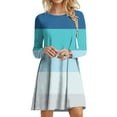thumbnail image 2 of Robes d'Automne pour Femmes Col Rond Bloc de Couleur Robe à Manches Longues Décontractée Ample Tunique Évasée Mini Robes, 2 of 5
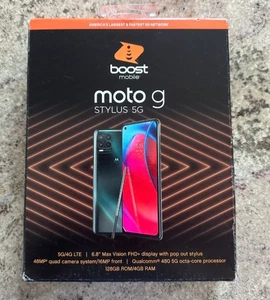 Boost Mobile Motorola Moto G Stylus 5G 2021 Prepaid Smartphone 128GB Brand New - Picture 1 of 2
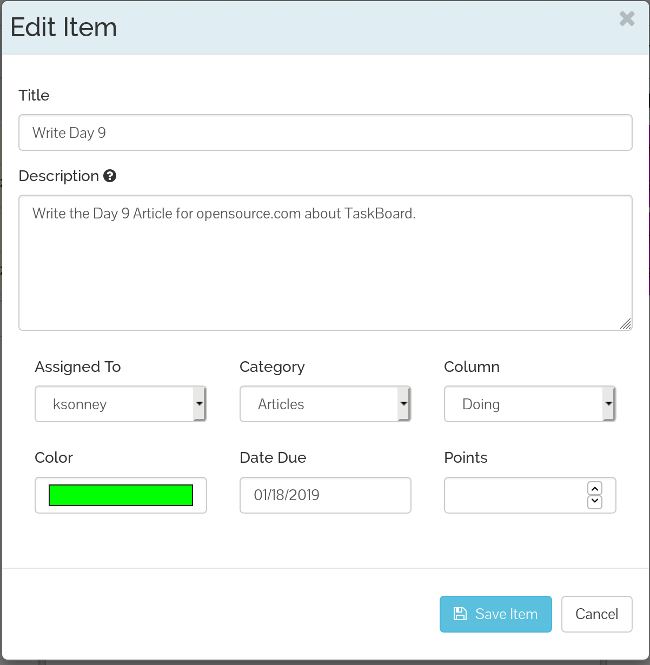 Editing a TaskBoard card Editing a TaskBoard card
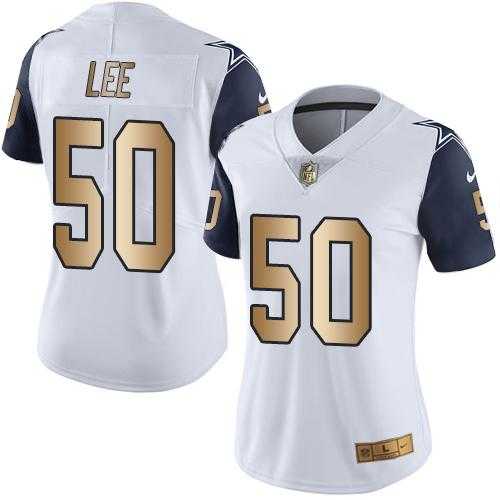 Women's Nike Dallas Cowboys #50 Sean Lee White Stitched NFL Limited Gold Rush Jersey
* * *
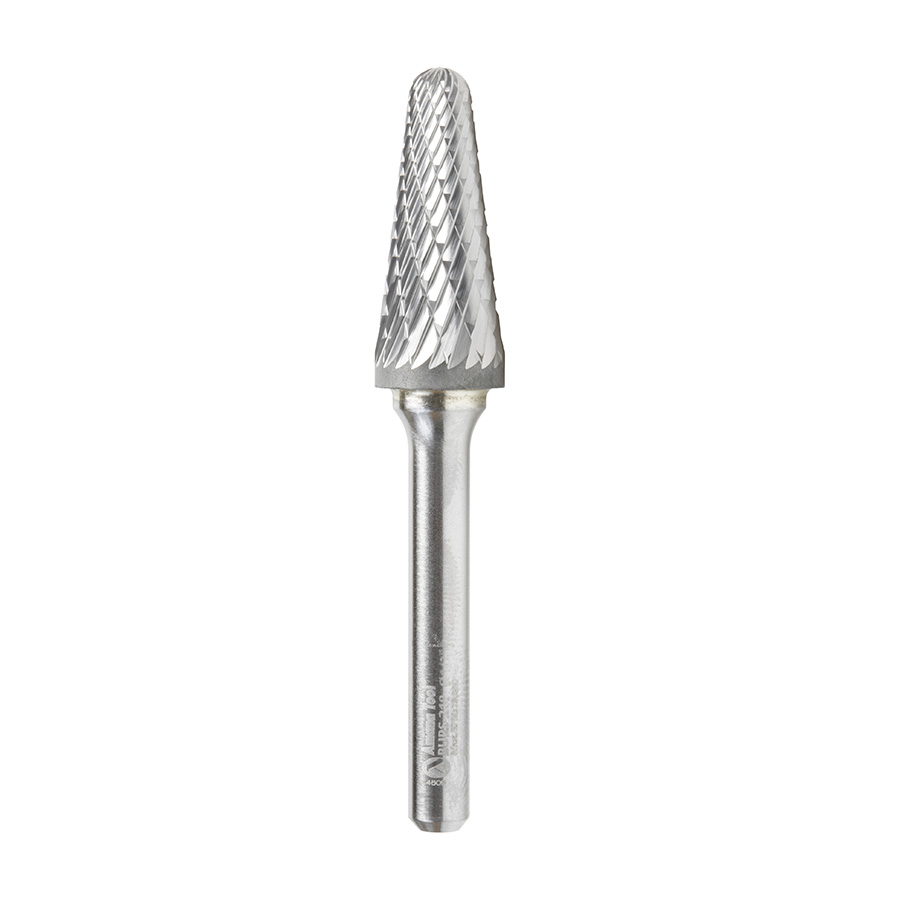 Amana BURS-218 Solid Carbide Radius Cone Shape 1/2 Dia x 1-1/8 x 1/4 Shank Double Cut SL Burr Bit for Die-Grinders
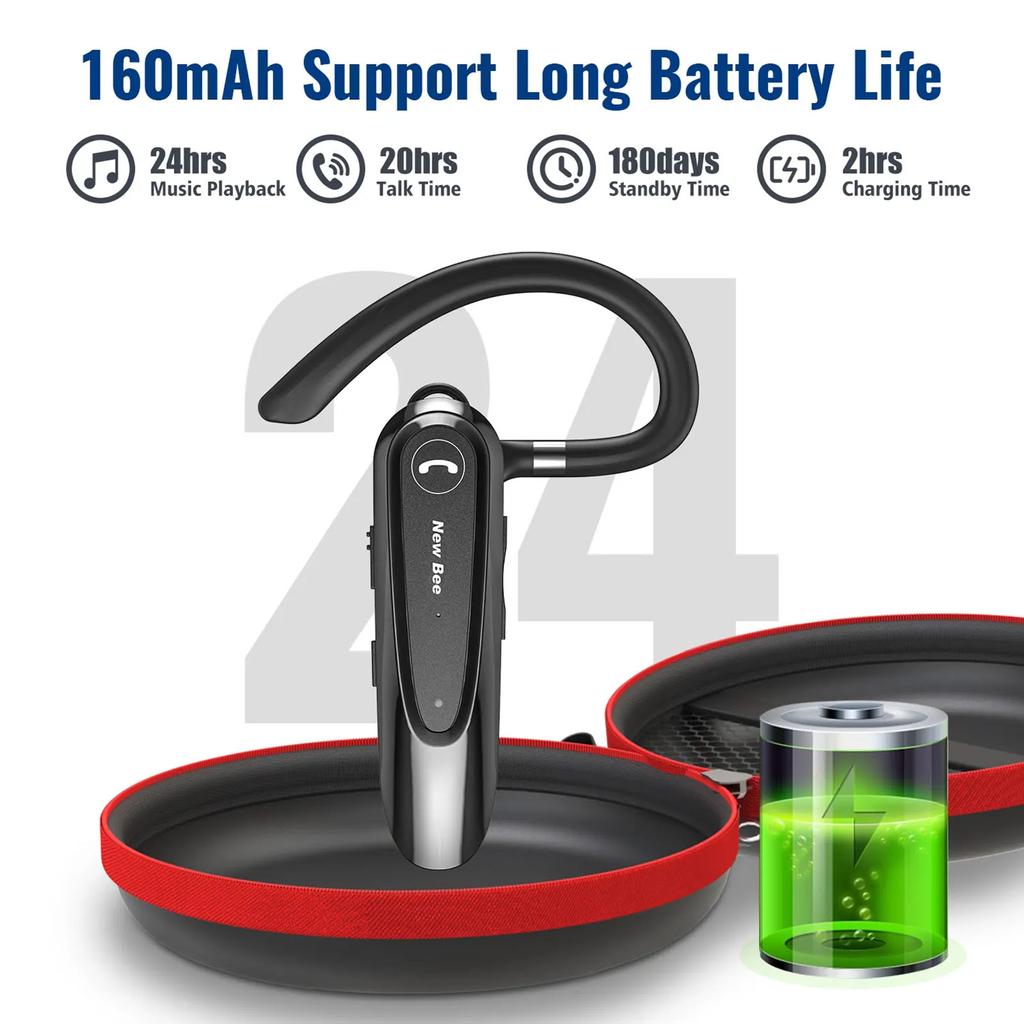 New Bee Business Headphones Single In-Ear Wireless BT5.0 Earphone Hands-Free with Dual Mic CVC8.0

* EXERCISE DESCRIPTION *
Give back exactly, and solely, the section of the data above bounded by the line containing "Editing a TaskBoard card Editing" and the line containing "Women's Nike Dallas", both bounding lines included and pictures omitted.

* EXERCISE RESULT *
 Editing a TaskBoard card Editing a TaskBoard card
 Women's Nike Dallas Cowboys #50 Sean Lee White Stitched NFL Limited Gold Rush Jersey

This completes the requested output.